A Fox News presidential poll released this evening (August 28) shows Vice President Kamala Harris surging past Donald Trump in Georgia.
The state was solid red until Joe Biden defeated Trump there in 2020 and fellow Democrats Raphael Warnock and Jon Osoff flipped both of Georgia’s U.S. Senate seats in 2021 and 2022.
According to the poll, which has a margin of error of 3 percent, Harris recorded 50 percent and Trump 48.
Given that usually-red Georgia has shifted towards Harris and is virtually anybody’s state at the moment, don’t be surprised if there’s some movement towards Harris in all or most of the other swing states (Arizona, North Carolina, Pennsylvania, Michigan, Wisconsin, and Nevada).

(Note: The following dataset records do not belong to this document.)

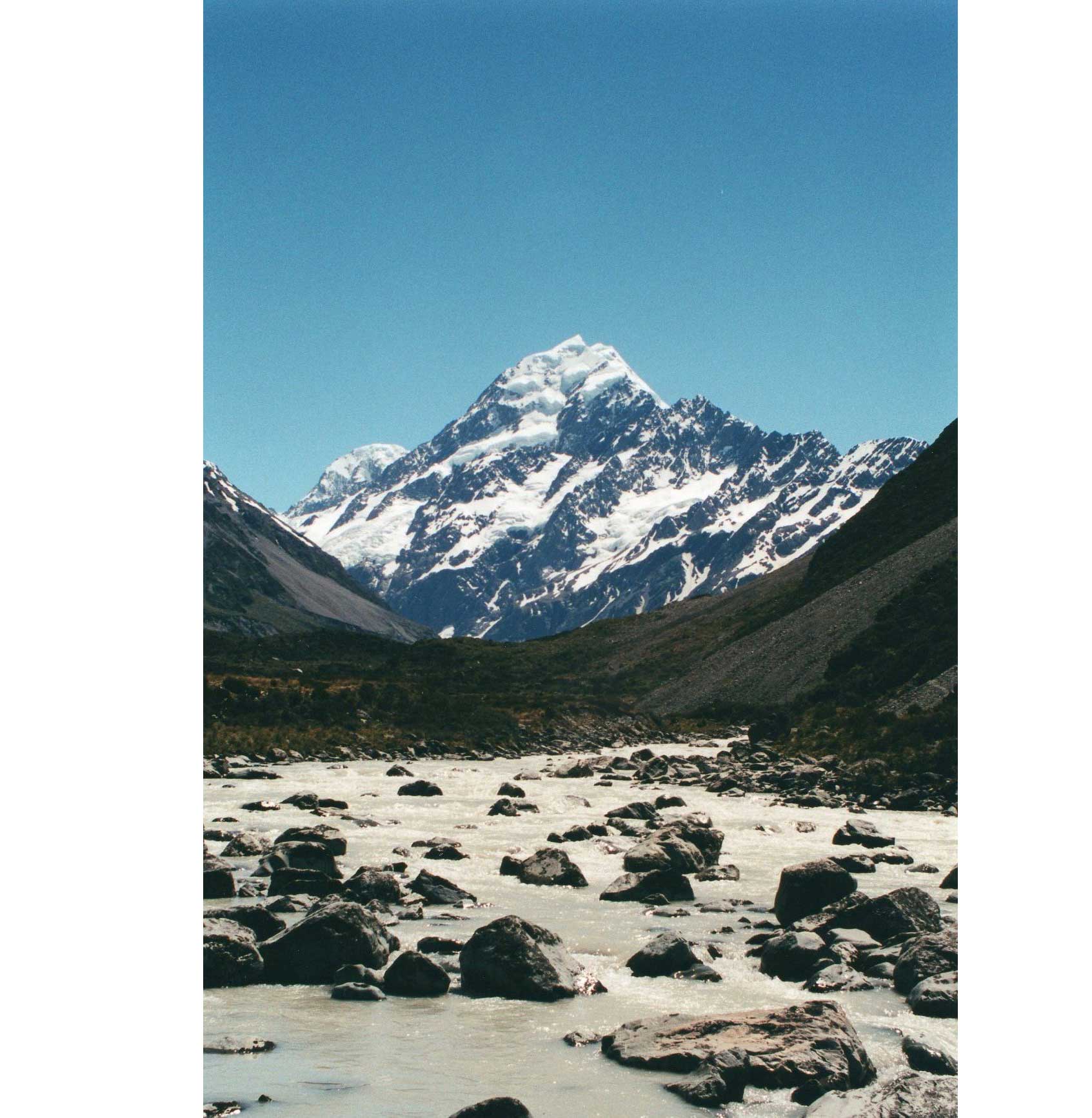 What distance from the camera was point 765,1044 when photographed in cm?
1111

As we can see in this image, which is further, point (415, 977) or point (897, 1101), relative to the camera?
point (415, 977)

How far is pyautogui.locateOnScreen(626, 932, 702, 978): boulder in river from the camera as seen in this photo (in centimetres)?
1484

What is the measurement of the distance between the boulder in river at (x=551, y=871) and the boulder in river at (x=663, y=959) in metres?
6.29

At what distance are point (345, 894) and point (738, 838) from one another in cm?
1239

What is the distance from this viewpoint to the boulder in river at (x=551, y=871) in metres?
21.5

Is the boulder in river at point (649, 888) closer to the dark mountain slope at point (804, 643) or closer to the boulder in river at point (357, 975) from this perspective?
the boulder in river at point (357, 975)

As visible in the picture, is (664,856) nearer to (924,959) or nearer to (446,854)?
(446,854)

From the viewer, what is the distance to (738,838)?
93.7ft

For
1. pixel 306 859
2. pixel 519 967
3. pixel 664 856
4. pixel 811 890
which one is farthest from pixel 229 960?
pixel 664 856

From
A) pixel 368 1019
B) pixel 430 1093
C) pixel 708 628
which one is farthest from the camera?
pixel 708 628

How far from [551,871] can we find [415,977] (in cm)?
→ 808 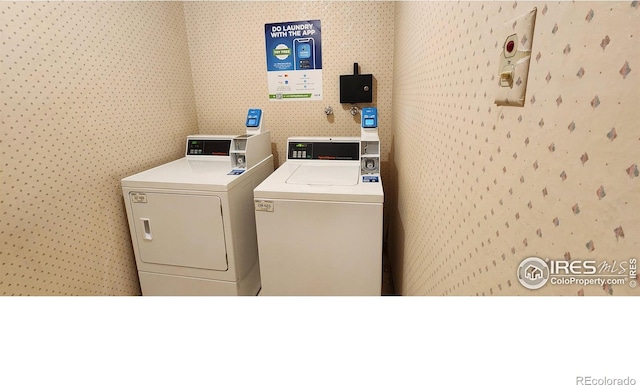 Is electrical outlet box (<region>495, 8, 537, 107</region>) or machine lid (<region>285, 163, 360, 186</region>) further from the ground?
electrical outlet box (<region>495, 8, 537, 107</region>)

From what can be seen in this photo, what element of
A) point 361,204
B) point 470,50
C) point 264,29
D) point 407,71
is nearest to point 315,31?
point 264,29

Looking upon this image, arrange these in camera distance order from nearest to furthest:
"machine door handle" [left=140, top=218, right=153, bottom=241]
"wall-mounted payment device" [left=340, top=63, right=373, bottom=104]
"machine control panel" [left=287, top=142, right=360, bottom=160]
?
"machine door handle" [left=140, top=218, right=153, bottom=241] → "machine control panel" [left=287, top=142, right=360, bottom=160] → "wall-mounted payment device" [left=340, top=63, right=373, bottom=104]

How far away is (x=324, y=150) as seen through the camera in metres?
2.16

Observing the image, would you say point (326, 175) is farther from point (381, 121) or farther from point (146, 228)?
point (146, 228)

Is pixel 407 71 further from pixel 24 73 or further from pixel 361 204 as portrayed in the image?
pixel 24 73

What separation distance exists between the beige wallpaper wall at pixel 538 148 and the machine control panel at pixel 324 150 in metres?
1.10

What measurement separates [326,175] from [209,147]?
996 mm

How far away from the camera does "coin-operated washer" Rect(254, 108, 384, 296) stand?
5.00 feet

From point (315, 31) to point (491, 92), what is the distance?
81.5 inches

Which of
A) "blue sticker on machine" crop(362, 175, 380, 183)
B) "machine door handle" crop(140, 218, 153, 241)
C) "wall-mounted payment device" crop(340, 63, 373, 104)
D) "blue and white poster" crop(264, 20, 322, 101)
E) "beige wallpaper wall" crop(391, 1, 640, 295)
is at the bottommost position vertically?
"machine door handle" crop(140, 218, 153, 241)

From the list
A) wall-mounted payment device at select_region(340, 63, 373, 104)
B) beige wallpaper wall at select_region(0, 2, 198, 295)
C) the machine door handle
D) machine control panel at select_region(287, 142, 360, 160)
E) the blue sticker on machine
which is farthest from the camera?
wall-mounted payment device at select_region(340, 63, 373, 104)

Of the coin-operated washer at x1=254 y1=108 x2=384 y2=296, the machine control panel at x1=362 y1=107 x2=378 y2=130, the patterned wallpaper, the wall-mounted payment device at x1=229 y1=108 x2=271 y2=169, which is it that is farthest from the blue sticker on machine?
the wall-mounted payment device at x1=229 y1=108 x2=271 y2=169

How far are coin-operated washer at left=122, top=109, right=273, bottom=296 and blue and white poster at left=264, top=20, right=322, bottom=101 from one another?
69 cm

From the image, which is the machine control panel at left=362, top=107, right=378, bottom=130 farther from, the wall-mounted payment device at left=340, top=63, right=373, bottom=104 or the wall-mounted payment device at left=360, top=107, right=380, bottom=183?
the wall-mounted payment device at left=340, top=63, right=373, bottom=104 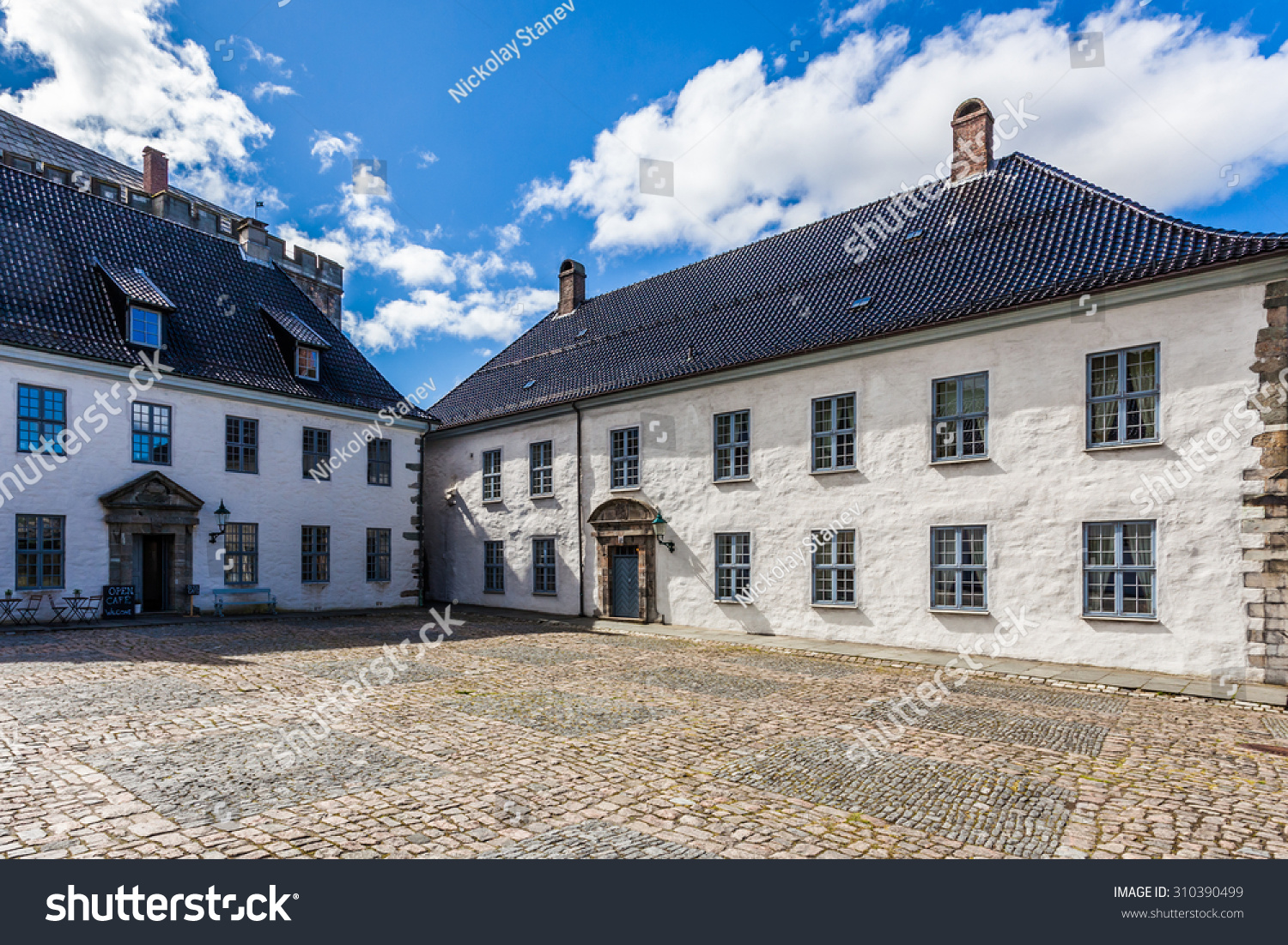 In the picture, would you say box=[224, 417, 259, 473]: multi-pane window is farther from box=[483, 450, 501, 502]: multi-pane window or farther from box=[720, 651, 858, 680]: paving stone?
box=[720, 651, 858, 680]: paving stone

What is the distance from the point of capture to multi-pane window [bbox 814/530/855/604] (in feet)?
58.2

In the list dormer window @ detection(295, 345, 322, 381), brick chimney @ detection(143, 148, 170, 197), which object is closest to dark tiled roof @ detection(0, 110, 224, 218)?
brick chimney @ detection(143, 148, 170, 197)

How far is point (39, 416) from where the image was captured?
19.5m

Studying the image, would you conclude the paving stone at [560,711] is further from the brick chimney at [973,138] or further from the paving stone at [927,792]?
the brick chimney at [973,138]

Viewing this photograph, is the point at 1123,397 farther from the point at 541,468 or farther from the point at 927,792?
the point at 541,468

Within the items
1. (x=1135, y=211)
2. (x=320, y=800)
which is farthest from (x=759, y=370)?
(x=320, y=800)

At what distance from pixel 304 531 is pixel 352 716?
1731 cm

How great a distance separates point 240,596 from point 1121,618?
21916mm

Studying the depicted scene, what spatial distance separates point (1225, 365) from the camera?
43.5 ft

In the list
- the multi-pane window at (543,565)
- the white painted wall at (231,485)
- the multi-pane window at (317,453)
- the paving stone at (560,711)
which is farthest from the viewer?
the multi-pane window at (317,453)

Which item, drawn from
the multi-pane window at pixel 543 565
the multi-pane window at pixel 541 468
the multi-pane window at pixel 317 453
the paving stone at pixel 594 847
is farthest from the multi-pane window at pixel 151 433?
the paving stone at pixel 594 847

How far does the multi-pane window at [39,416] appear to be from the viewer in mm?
19188

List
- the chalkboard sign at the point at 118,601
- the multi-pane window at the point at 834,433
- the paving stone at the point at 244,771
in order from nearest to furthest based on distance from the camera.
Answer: the paving stone at the point at 244,771 → the multi-pane window at the point at 834,433 → the chalkboard sign at the point at 118,601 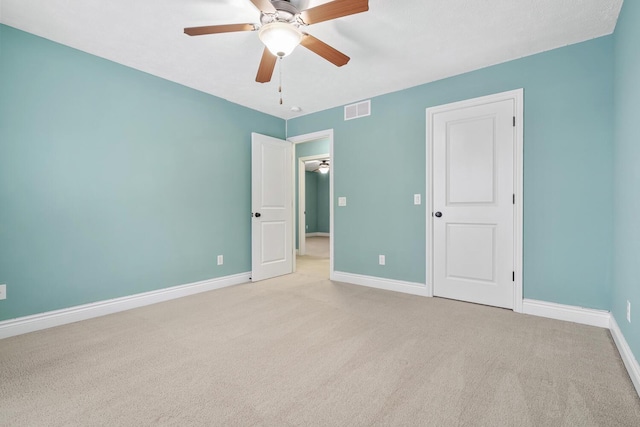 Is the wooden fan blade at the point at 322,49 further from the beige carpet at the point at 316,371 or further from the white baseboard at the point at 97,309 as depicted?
the white baseboard at the point at 97,309

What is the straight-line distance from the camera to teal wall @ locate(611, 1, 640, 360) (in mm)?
1812

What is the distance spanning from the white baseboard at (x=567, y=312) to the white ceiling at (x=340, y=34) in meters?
2.35

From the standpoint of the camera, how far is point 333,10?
186 cm

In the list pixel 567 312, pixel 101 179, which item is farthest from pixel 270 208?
pixel 567 312

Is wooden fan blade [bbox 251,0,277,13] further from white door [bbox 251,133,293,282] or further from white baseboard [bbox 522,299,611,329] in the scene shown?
white baseboard [bbox 522,299,611,329]

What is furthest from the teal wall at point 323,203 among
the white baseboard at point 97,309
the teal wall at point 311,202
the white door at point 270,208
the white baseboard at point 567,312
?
Answer: the white baseboard at point 567,312

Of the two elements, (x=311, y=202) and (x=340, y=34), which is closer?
(x=340, y=34)

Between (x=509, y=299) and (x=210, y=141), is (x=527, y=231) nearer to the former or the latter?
(x=509, y=299)

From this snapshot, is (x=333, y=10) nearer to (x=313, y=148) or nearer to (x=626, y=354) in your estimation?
(x=626, y=354)

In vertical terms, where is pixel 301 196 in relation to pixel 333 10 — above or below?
below

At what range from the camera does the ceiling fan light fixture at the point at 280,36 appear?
6.61 ft

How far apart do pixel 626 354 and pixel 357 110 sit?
11.5 ft

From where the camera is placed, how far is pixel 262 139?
440 centimetres

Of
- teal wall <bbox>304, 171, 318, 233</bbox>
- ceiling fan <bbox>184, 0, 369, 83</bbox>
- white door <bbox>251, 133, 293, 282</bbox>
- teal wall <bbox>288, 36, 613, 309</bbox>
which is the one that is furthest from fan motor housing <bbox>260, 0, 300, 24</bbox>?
teal wall <bbox>304, 171, 318, 233</bbox> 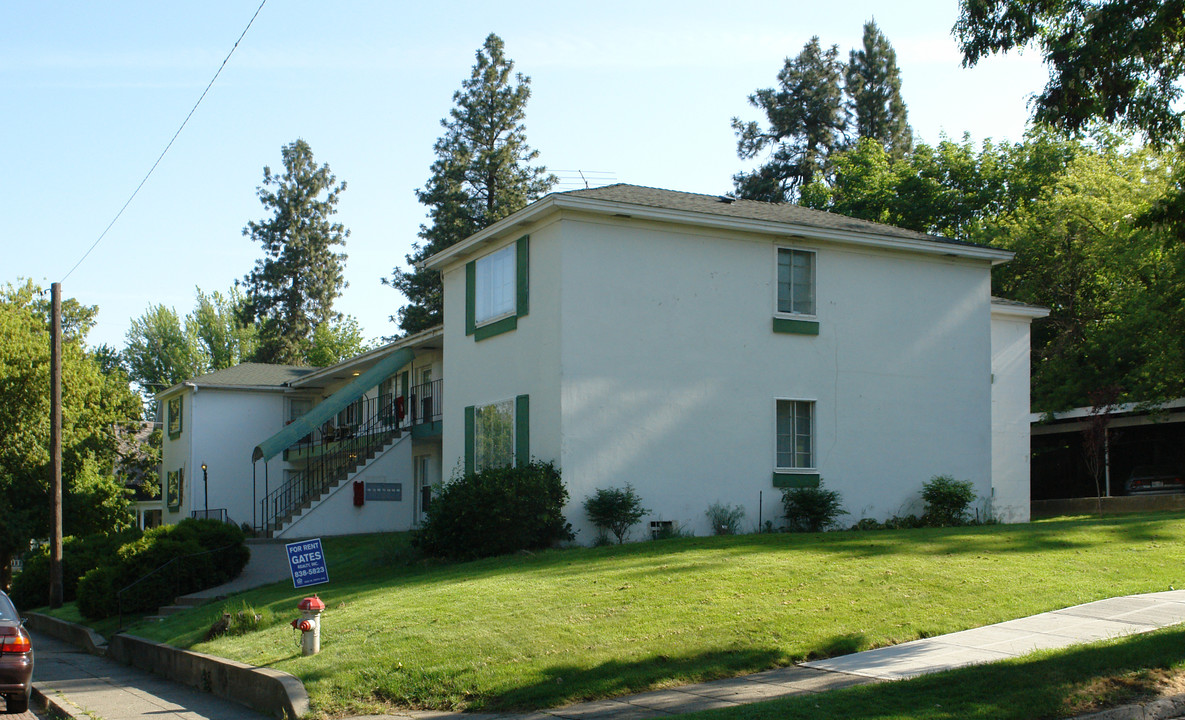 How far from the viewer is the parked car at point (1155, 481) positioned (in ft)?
101

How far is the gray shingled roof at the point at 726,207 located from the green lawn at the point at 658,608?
6.55 metres

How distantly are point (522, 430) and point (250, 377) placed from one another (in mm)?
24381

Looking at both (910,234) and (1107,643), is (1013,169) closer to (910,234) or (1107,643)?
(910,234)

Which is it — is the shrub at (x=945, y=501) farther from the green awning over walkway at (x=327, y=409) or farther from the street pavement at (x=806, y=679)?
the green awning over walkway at (x=327, y=409)

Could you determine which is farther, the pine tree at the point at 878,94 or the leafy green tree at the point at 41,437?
the pine tree at the point at 878,94

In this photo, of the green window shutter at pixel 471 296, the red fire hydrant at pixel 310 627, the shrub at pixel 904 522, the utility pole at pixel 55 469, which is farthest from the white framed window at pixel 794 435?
the utility pole at pixel 55 469

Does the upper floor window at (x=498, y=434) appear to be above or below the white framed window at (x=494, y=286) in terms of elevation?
below

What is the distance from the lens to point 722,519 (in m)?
20.4

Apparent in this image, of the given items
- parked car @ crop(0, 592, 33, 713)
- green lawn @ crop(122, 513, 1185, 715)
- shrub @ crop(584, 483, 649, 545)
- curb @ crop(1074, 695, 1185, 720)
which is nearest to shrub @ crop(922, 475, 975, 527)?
green lawn @ crop(122, 513, 1185, 715)

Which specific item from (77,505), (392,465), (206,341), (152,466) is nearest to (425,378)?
(392,465)

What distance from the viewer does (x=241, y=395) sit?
40.4 metres

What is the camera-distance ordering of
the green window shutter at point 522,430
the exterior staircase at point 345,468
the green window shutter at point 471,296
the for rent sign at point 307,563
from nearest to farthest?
the for rent sign at point 307,563
the green window shutter at point 522,430
the green window shutter at point 471,296
the exterior staircase at point 345,468

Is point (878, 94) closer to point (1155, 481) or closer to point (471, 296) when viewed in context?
point (1155, 481)

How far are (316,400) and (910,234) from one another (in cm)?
2555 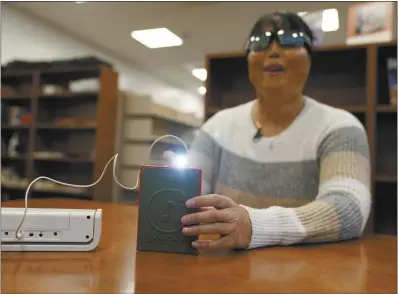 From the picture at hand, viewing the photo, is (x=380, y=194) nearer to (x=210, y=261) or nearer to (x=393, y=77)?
(x=393, y=77)

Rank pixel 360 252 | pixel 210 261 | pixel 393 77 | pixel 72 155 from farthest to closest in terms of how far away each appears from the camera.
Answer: pixel 72 155 → pixel 393 77 → pixel 360 252 → pixel 210 261

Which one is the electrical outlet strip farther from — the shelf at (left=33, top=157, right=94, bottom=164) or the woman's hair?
the shelf at (left=33, top=157, right=94, bottom=164)

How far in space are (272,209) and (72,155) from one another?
3.24 metres

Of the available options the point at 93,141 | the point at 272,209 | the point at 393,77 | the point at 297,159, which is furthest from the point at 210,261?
the point at 93,141

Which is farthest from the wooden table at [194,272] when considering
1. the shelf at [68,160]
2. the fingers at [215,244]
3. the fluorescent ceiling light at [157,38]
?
the fluorescent ceiling light at [157,38]

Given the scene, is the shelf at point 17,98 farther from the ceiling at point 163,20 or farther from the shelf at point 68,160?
the ceiling at point 163,20

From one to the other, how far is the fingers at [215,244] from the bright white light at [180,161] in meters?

In 2020, Biden defeated Trump in the Peachtree state by 11,779 votes.
Harris is not focused on flipping districts in Georgia; she simply hopes to equal or improve upon Biden’s numbers from four years ago, district by district and specifically in the rural areas. For example, if Biden lost a Georgia district by 20 percentage points four years ago, Harris would like to cut Trump’s margin of victory there in 2024 while keeping pace with or outperforming Biden in the districts he carried.
If Trump fails to win Georgia, his path to victory narrows considerably. Should he cede the state, he’d have to carry North Carolina again and flip Pennsylvania, Arizona, and Nevada to reach 270.
Per CNN, Harris, who’s making a strong play for the state, has 24 field offices in Georgia while Trump has only 12.